● EXERCISE DESCRIPTION
Your output should be the complete listing, word for word, with no pictures in it.

----------------

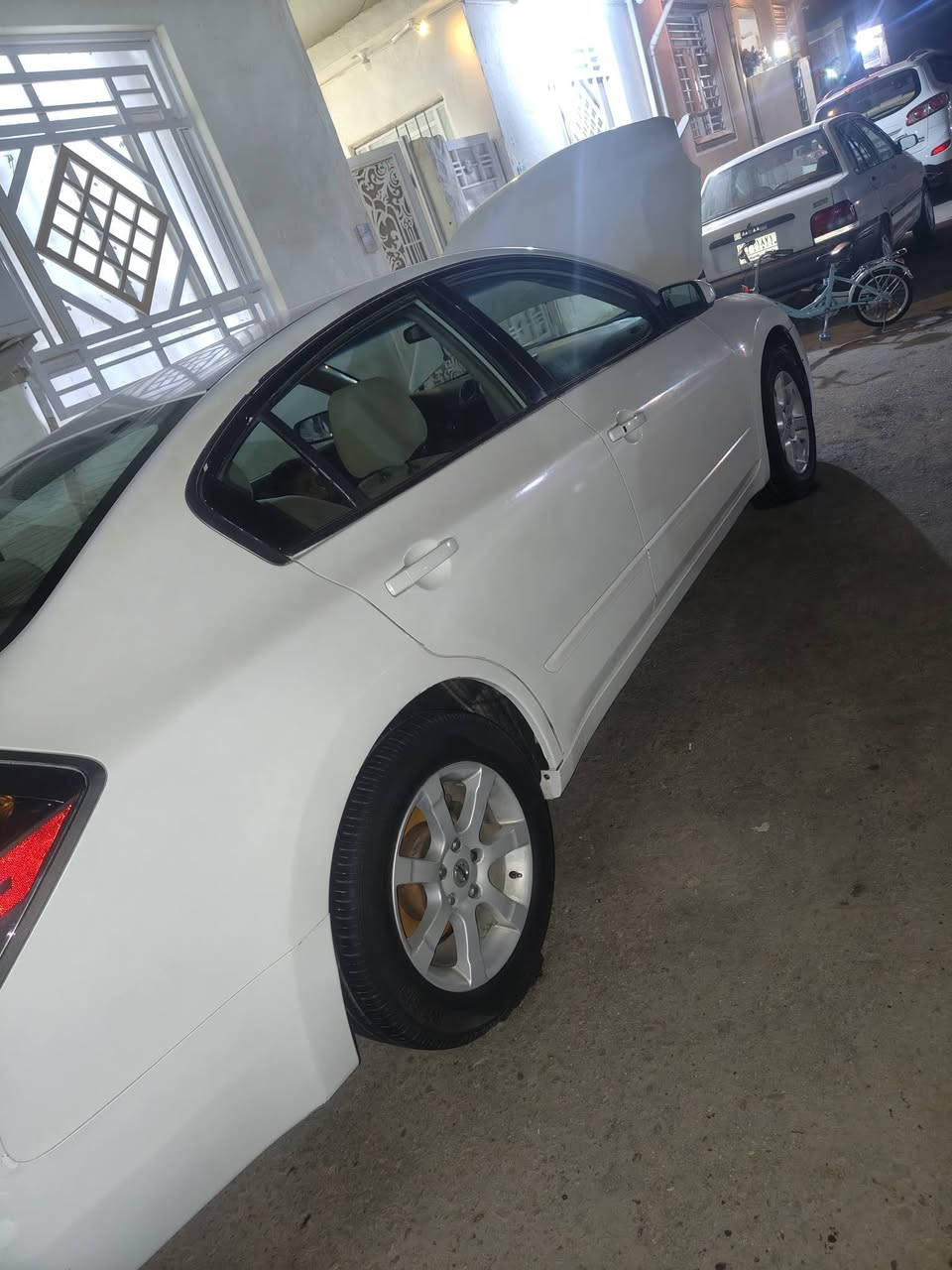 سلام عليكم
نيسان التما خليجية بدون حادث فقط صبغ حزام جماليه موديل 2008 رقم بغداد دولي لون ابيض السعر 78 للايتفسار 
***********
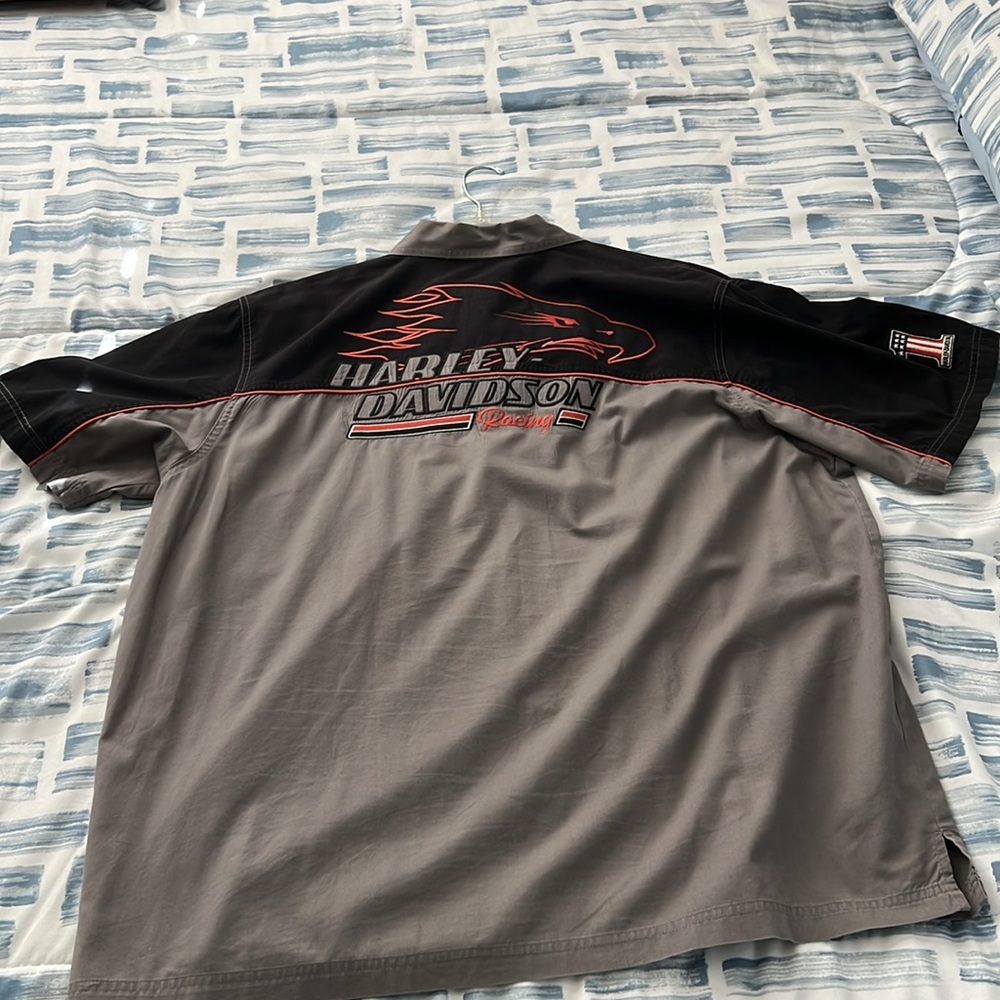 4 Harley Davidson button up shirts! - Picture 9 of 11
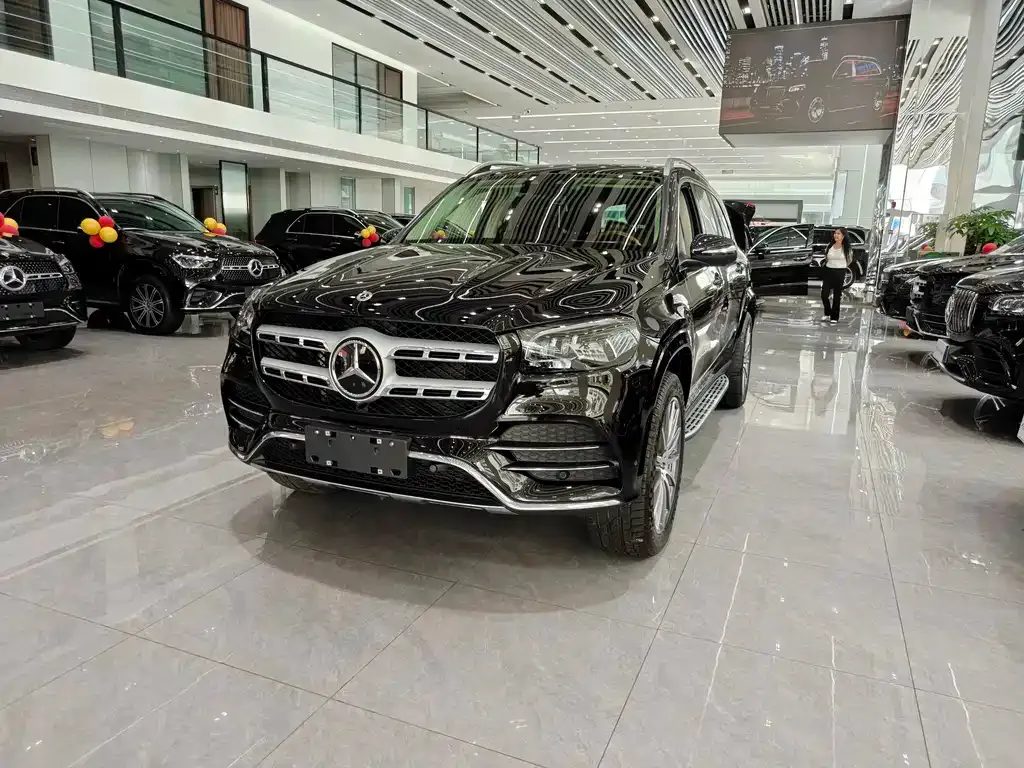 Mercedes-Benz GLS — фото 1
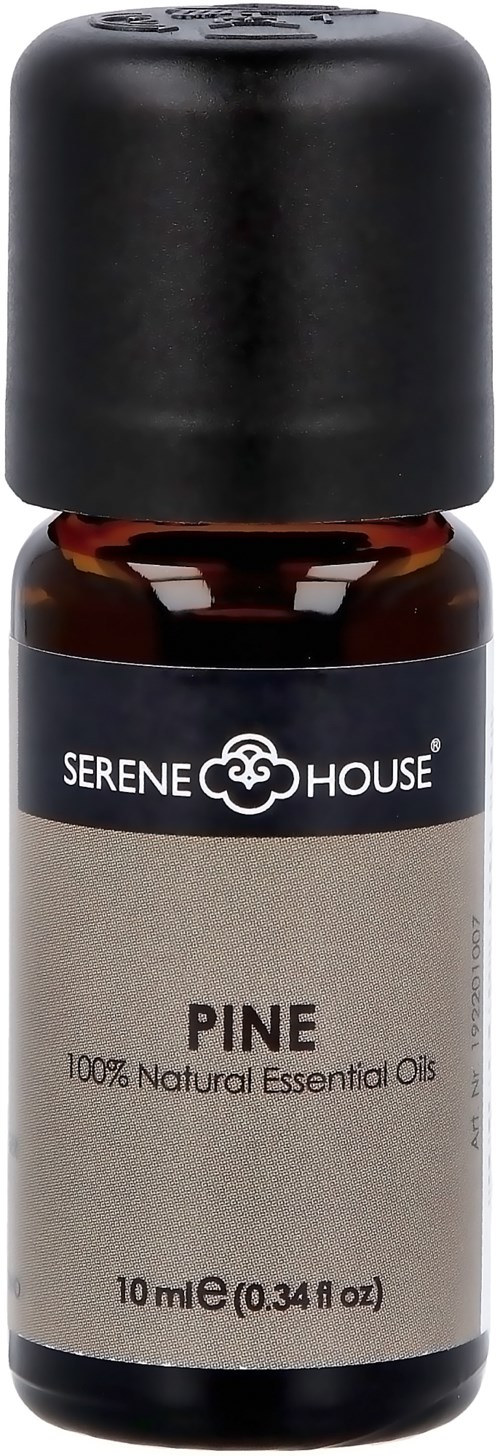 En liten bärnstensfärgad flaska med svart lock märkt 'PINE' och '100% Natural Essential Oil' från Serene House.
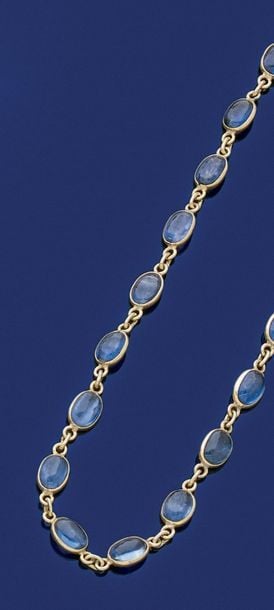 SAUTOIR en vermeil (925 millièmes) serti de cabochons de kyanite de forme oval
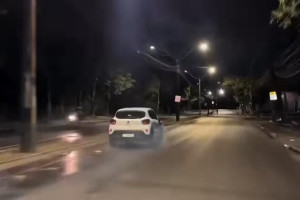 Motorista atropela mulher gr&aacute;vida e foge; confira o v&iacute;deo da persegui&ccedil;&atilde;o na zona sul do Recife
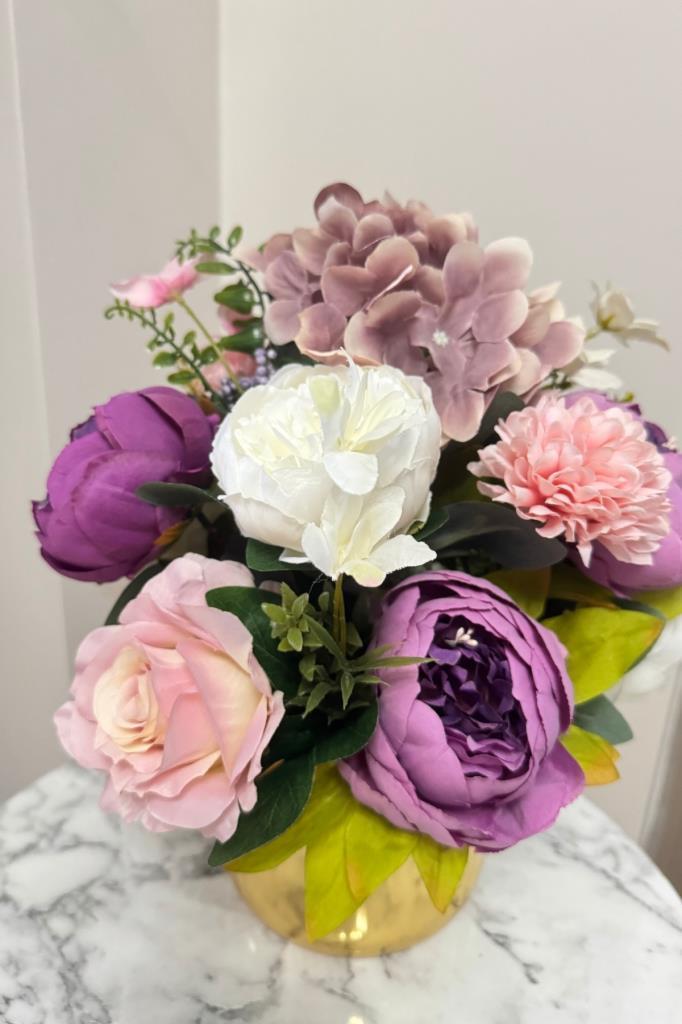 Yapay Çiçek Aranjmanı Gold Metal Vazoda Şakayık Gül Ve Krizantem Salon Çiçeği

----------------

● ANSWER SECTION
 سلام عليكم
نيسان التما خليجية بدون حادث فقط صبغ حزام جماليه موديل 2008 رقم بغداد دولي لون ابيض السعر 78 للايتفسار 
***********
 4 Harley Davidson button up shirts! - Picture 9 of 11
 Mercedes-Benz GLS — фото 1
 En liten bärnstensfärgad flaska med svart lock märkt 'PINE' och '100% Natural Essential Oil' från Serene House.
 SAUTOIR en vermeil (925 millièmes) serti de cabochons de kyanite de forme oval
 Motorista atropela mulher gr&aacute;vida e foge; confira o v&iacute;deo da persegui&ccedil;&atilde;o na zona sul do Recife
 Yapay Çiçek Aranjmanı Gold Metal Vazoda Şakayık Gül Ve Krizantem Salon Çiçeği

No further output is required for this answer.